隨著橋梁跨徑不斷的增加，工程師必須審慎評估橋梁在風力作用下之安全性及服務性。對於風力作用下所引起的橋梁主梁抖振反應，通常採用全橋風洞試驗或斷面模型風洞試驗配合數值分析進行評估。當以數值分析進行評估時，需要主梁的振態參數包括振態頻率、阻尼比與振形，及氣動力係數與顫振導數。振態參數一般是經由有限元素法模擬獲得，而氣動力係數與顫振導數則是藉由斷面模型風洞試驗來獲得。本文則是以所建立之複合識別方式識別實測反應歷時，以獲得主梁之振態參數，以隨機子空間法識別數值模擬之結果，求取主梁之顫振導數。
由於橋梁所量測得之微振速度歷時具有振態耦合之特性，本文提出一結合經驗模態分解法、隨機遞減法與希爾伯特轉換的分析方式，於時間域上進行橋梁振態參數之識別，可獲得較其他識別方式準確的結果。
在數值模擬部分，首先模擬流體流經方形、矩形與梯形斷面後產生之氣動行為，同時計算相關的氣動力係數；其次模擬矩形斷面之氣彈行為，其中氣彈行為之模擬採用任意拉格朗日-歐拉法，以斷面反應歷時求取顫振導數。由模擬的結果可觀察到與過去風洞試驗中相同之渦流及再接觸現象，所得之氣動力係數接近過去風洞試驗結果之平均值，而所得之顫振導數略為高估；在可接受之計算時間內，數值模擬結果可達到設定之準確度。根據對不同斷面流場數值模擬分析所累積之經驗，對一長跨距斜張橋斷面進行氣動與氣彈現象模擬；結果顯示氣動力係數與顫振導數略高於風洞試驗的結果。
本文利用一近似解析解，配合所得到之主梁振態參數及氣動力係數與顫振導數，求取主梁抖振位移均方根值，以作為橋梁安全性與服務性評估的依據。同時探討振態參數、氣動力係數與顫振導數對抖振反應的影響，結果顯示振態頻率與氣動力係數對抖振反應的影響較大。

As the main spans of bridges become longer, engineers have to assess the wind induced vibration of bridge decks for safety and serviceability. Generally, either the full bridge model wind tunnel test or section model wind tunnel test with analytical procedure is used to evaluate buffeting responses of bridges. Modal parameters, including modal frequencies and damping ratios, are usually obtained by finite element models; aerodynamic parameters, including aerodynamic coefficients and flutter derivatives, are obtained by section model wind tunnel test. In this research, modal and aerodynamic parameters are obtained by identifying filed measurement results and numerical simulations respectively.

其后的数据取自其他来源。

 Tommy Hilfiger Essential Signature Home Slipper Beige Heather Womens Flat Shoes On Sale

This study proposes a method, combing empirical modal decomposition, random decrement technique with Hilbert transform, for identification of modal parameters in time domain from modally coupled response time histories.

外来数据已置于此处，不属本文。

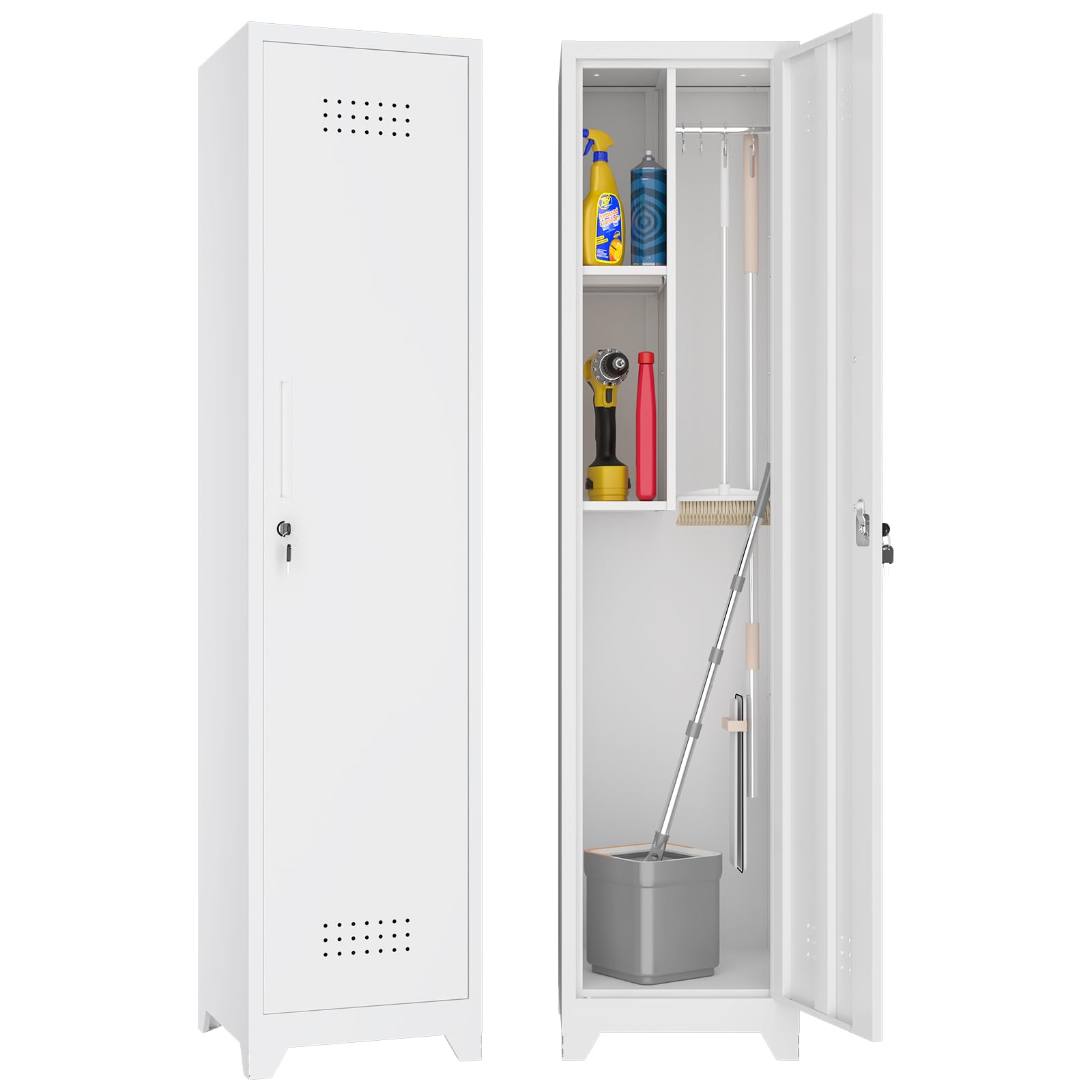 Amazon.com: NICEGDLT Broom Closet Utility Storage Cabinet with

Aerodynamic and aeroelastic phenomena of blunt sections are simulated by numerical simulations; the associated aerodynamic coefficients are evaluated; flutter derivatives are identified by stochastic subspace identification method. Vortex shedding and reattachment phenomena are observed in the simulated results. The obtained aerodynamic parameters are compared with those of the wind tunnel test in the literature, and indicated that aerodynamic coefficients approach to the average of wind tunnel test results, flutter derivatives are higher estimated slightly. Finally, numerical simulations are conducted for a bridge section; the interaction effect of fluid-bridge section is accounted by an arbitrary Lagrangian-Eulerian strategy.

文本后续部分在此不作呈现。